Said Johnson: “The hospital association itself has said this is going to drive hosp…”
“That’s false,” interjected Walz.
“No, it’s true …” Johnson said.
“Jeff, there’s no public statement from them on that,” Walz said.
“They do not support this, because they … ”
“Is there a public statement from the hospital association that they do not support this?” Walz asked.
“Absolutely,” Johnson said. “In fact I cited it today.”
(The MHA did oppose that plan, primarily over the reimbursement issue.)
Walz later objected to the press conference itself, which he said was called to attack his ideas without offering solutions. Johnson claimed it was to do both, but Walz said it should have involved patients and providers.
“Can I give my pro tip of the day?” Walz said. “Bring them to the press conference then if that’s what you’re going to do. That’s a helpful way for people to get that information.

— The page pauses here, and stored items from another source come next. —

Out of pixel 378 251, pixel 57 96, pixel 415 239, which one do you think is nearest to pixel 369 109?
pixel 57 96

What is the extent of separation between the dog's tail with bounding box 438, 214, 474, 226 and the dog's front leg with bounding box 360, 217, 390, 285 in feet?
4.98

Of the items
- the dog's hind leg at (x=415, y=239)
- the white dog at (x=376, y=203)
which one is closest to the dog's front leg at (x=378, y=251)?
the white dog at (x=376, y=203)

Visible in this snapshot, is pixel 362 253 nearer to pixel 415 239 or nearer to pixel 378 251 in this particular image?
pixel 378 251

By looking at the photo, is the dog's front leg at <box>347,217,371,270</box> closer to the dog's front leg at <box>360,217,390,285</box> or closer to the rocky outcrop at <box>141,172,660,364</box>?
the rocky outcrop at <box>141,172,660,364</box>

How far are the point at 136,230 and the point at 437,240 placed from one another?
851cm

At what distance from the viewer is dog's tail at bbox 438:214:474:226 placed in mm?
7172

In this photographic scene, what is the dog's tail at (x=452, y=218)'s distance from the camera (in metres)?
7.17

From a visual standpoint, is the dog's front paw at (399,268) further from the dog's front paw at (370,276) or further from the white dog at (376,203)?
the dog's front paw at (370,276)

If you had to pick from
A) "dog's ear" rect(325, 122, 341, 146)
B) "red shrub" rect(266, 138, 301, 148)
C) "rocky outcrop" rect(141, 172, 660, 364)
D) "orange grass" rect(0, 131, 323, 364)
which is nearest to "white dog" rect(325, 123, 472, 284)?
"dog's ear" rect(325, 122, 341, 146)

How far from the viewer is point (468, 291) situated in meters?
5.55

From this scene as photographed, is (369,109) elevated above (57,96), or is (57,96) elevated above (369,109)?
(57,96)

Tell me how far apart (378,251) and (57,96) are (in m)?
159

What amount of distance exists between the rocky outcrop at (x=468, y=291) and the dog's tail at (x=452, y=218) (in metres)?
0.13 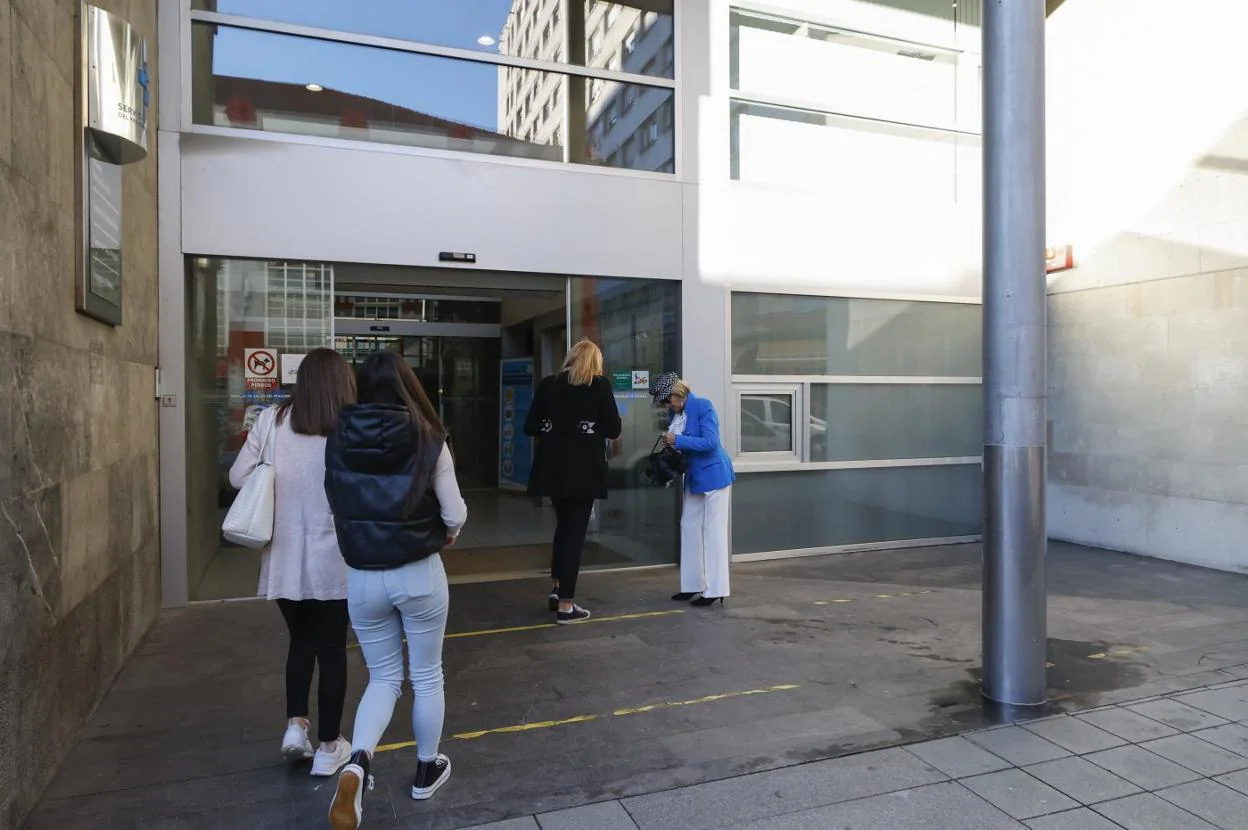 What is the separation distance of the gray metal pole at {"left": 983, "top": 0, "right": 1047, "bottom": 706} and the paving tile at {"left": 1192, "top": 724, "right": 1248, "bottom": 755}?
698mm

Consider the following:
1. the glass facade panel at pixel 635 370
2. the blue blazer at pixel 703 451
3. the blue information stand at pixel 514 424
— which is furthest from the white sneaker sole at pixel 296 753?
the blue information stand at pixel 514 424

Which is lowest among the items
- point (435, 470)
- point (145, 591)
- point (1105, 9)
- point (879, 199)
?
point (145, 591)

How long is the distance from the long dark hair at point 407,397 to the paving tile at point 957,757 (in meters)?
2.43

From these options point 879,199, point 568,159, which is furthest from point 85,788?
point 879,199

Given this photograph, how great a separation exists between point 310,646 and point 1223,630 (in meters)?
5.75

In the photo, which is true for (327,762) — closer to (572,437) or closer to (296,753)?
(296,753)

That’s what I do.”
They also argued over whether Walz supports what is termed single-payer health system, in which a government-directed insurance entity contracts with current providers to insure patients. Walz has said he thinks such an evolution of insurance is “inevitable” but thinks MinnesotaCare buy-in is a first step.
Johnson Tuesday tried to pin Walz down, and needled him when he gave lengthy responses. “I still don’t have a clue what your position is on single payer?” Johnson said. “And it’s the most important issue in this election.”
For his part, Walz later teased Johnson for his idea of requiring state regulators to spend some days each year working in the industries they regulate. “I think if you’re going to be governor you should teach some school if you’re going to criticize [teachers],” Walz said.
“I didn’t criticize teachers. I never criticize teachers,” Johnson said. “I did criticize the union. I think there’s a difference.”
“That teacher’s union member is my son’s 6th grade teacher. Just keep that in mind,” Walz said.
Johnson said he thinks the state requirement that farmers leave buffers to protect groundwater is an unconstitutional “taking” of private property without compensation. He calls it the best example of arrogant, government-based regulation.
Walz said he thinks working jointly on solutions is better than litigation. “I would rather us fix this together than go to court for 10 years,” Walz said after endorsing property tax credits for farmers who have to leave land unplanted. “Not being an attorney, I don’t default to the sue position; I default to, ‘How do we find compromise?’”
Responded Johnson: “I don’t default to the sue position, but I do default to the giving-people-rights-over-government position.”
Dayton made a pair of cameos, at least by reference. Earlier, when talking about the buffer issue, Walz vaguely criticized the way Dayton’s administration implemented the plan, which was seen by many in farm country as top-down. “I am not Gov. Dayton,” he said. “I have a different style. And that would have been brought to it.”
Johnson referred to Dayton in his closing statement: “Rather than more of the same — rather than a third Mark Dayton term a few steps to the left — I believe we need a fundamental change.”